O bairro sem covid-19

À janela de um prédio, duas senhoras de idade vão dialogando de um andar para o outro, com a que está mais perto da rua a dizer para a outra que ninguém a pode impedir de ir dar um passeio. Na bomba de gasolina a caminho do jornal e quando regresso a casa, vejo vários…

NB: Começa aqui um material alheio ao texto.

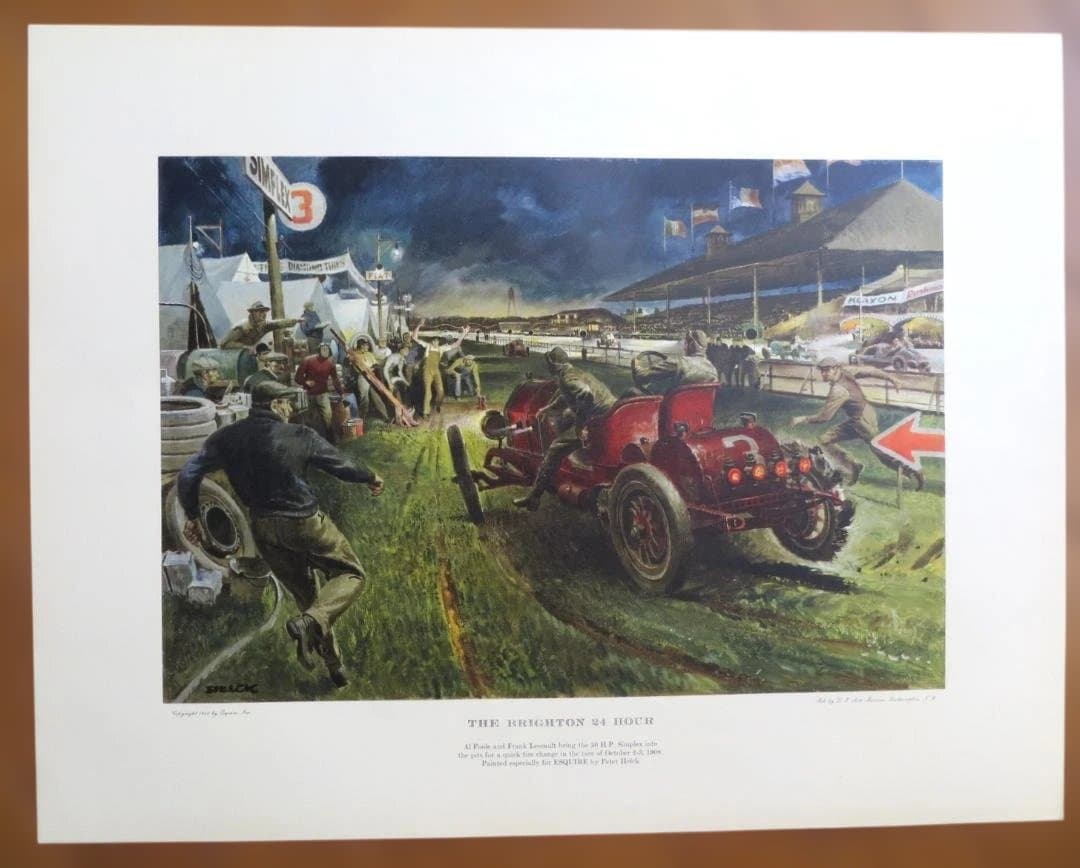 Peter Helck ピーター ヘルク 1940年代のプリント 8枚セット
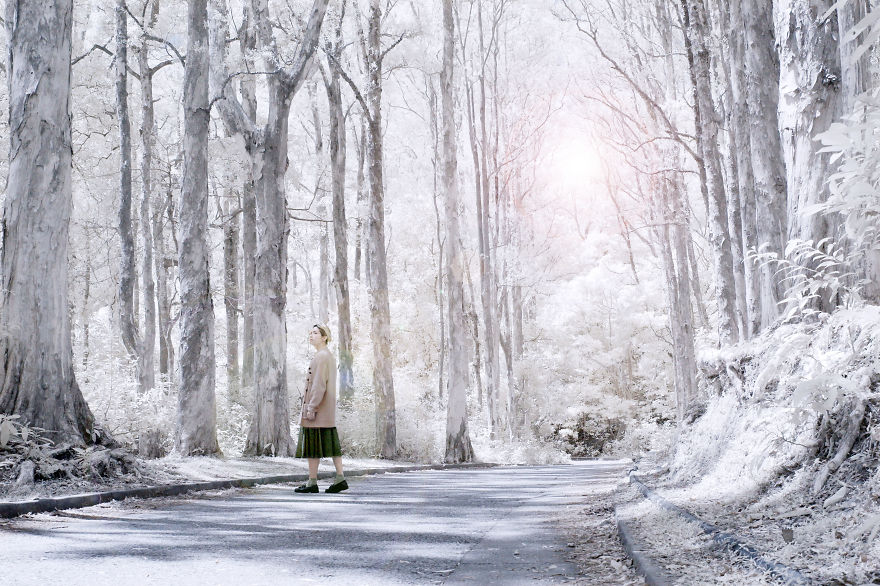 I Photographed Hong Kong Shing Mun Reservoir With Ir Filter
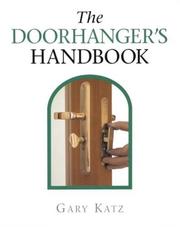 Cover of: The doorhanger's handbook by Gary Katz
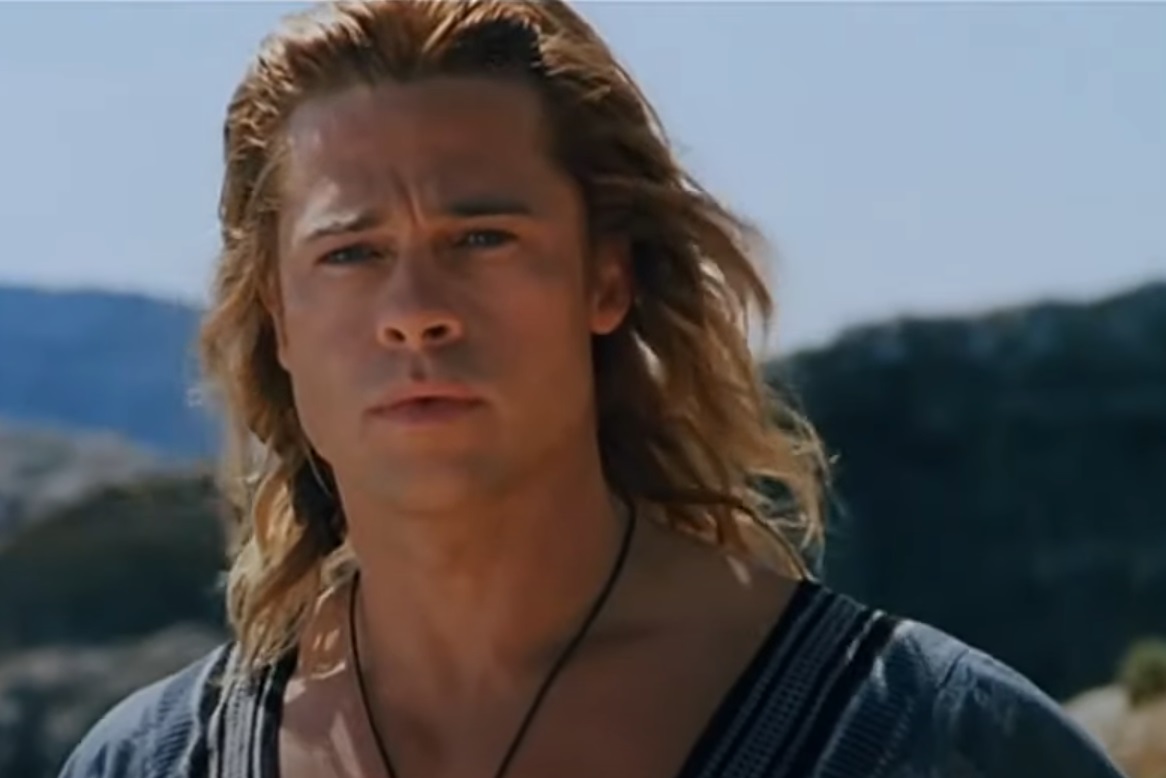 Screenshot from the movie Troy (2004)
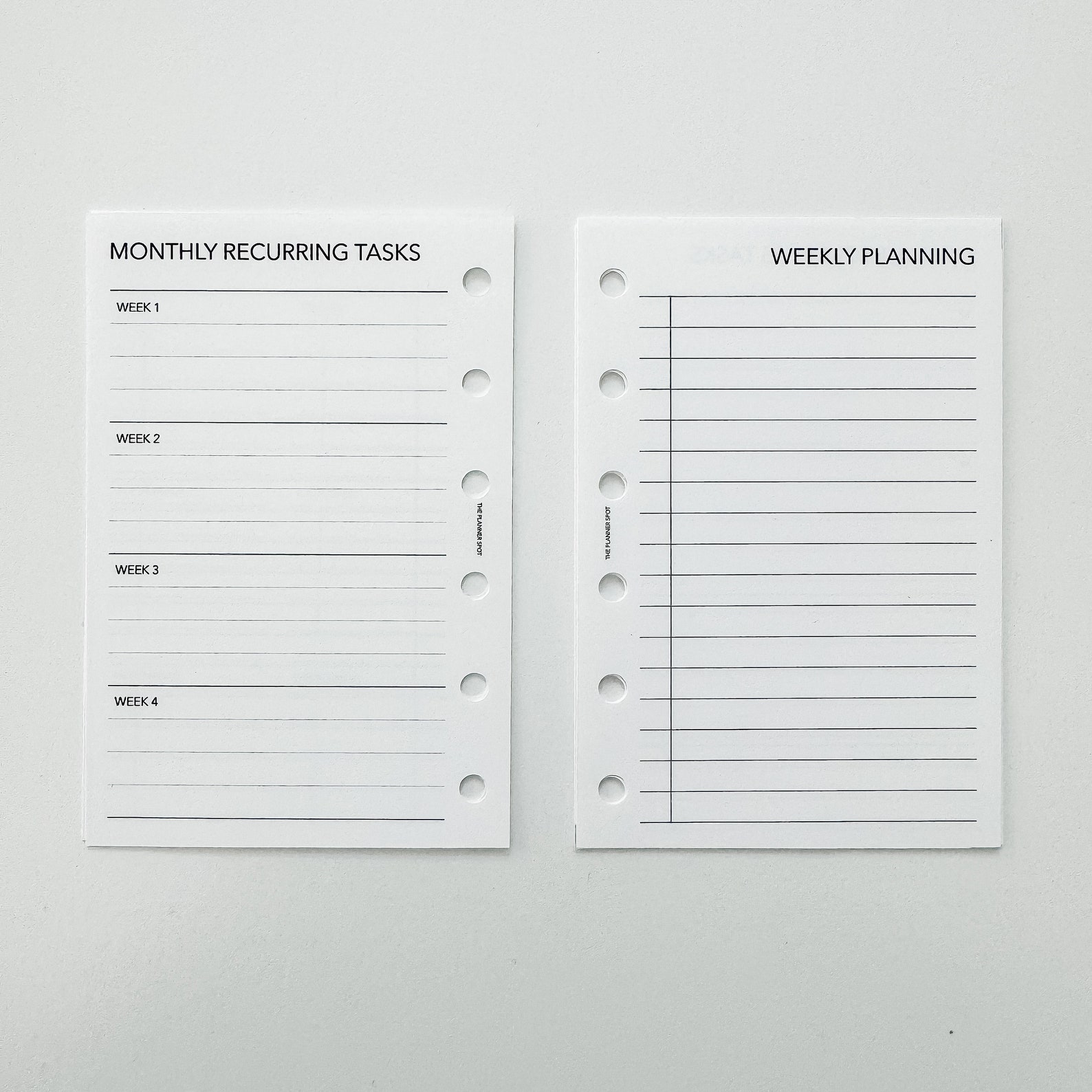 PRINTABLE Master Plan Inserts - Pocket Size - Etsy UK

No meu bairro a vida começa a voltar à normalidade, apesar de algumas diferenças: sem dinheiro a entrar na caixa são vários os cafés e restaurantes que decidiram abrir portas para vender take-way. As soluções para evitar o contágio direto são bem engenhosas: num dos cafés, construiu-se uma espécie de chapéu de plástico até um metro e pouco do chão, por onde passam os produtos, como cafés e cervejas. Noutros, usam-se mesas e cadeiras para afastar os clientes do balcão.

No supermercado, de média dimensão, os empregados da caixa não têm qualquer proteção, salvo raras exceções, e mesmo o ‘porteiro’, bem como o gratificado da PSP, também não usam máscara ou luvas. Há, agora, um número limite de pessoas que podem estar ao mesmo tempo no interior, mas os clientes passam a centímetros uns dos outros. Cá fora, na peixaria, charcutarias/padarias e na loja de legumes e frutas uns cumprem alguma distância, outros não.

À janela de um prédio, duas senhoras de idade vão dialogando de um andar para o outro, com a que está mais perto da rua a dizer para a outra que ninguém a pode impedir de ir dar um passeio. Na bomba de gasolina a caminho do jornal e quando regresso a casa, vejo vários amigos a beberem café e a fazerem ‘sala’ ao lado da caixa de pagamento. Será isto normal? Se eu fosse sueco, diria que sim. Se fosse espanhol ou italiano diria que não. Certo é que as pessoas que ficaram sem rendimentos decidiram ir à luta: «O que nos resta? Ficar em casa sem dinheiro ou tentar faturar, apesar de estarmos numa espécie de bunker, a servir os clientes», questionava-me um dos ‘regressados’.

Penso que neste momento crítico em que o dinheiro começa a escassear, as pessoas optam por estas decisões, até porque acham que em Portugal não se vai passar o mesmo que acontece em Espanha ou na Itália, onde, em meio dia, morrem mais pessoas do que aquelas que faleceram em Portugal desde que começou a pandemia.

É esse sentimento, altamente perigoso, que está a levar as pessoas nos bairros a tentar voltar à normalidade. Ali a polícia não lhes pode dizer grande coisa pois conseguem sempre alegar que saíram de casa para ir às compras. 

Mas o que dizer dos milhares de automobilistas que ontem ao final do dia saíam de Lisboa rumo ao Algarve, apesar dos vários pedidos e avisos do Governo e das autoridades policiais para não o fazerem? Somos um povo desenrascado e se nos dizem que a partir de amanhã não podemos sair, então o melhor é aproveitar hoje para o fazer. 

P. S. Prato é uma localidade italiana em que um quarto da população é chinesa. Como tem sido frequente, a comunidade foi alvo de atitudes xenófobas, mas, surpreendentemente, é em Prato que há menos infetados com a covid-19. Porquê? Porque os chineses que foram festejar o novo ano à China, quando regressaram a Itália sujeitaram-se a uma quarentena imposta pelos próprios. Dessa forma, foram poucos, comparativamente, os que ficaram infetados com o vírus. 

Já na região da Sicília, o Governo viu-se obrigado a enviar a tropa para impedir os assaltos a mercearias e supermercados, pois são cada vez mais os ‘esfomeados’ que não têm dinheiro para comprar alimentos. Na Ásia, as forças policiais agridem brutalmente aqueles que procuram algo para comer. Será possível o mundo continuar muito mais tempo fechado, com as economias quase paralisadas – para os mais desfavorecidos – sem grandes convulsões sociais? Não me parece.

 

P. S. 2. O que será de algumas famílias que vão receber os 1200 reclusos que vão ser libertados das prisões portuguesas? Se nuns casos será uma alegria, noutros, calculo, será um inferno. Afinal, as feridas recentes podem não estar devidamente saradas e pode estar-se a contribuir para o aumento de violência doméstica. Não seria melhor perguntar a todos os envolvidos se essa será a melhor solução ou se devem ser transferidos para outros locais preparados para o efeito?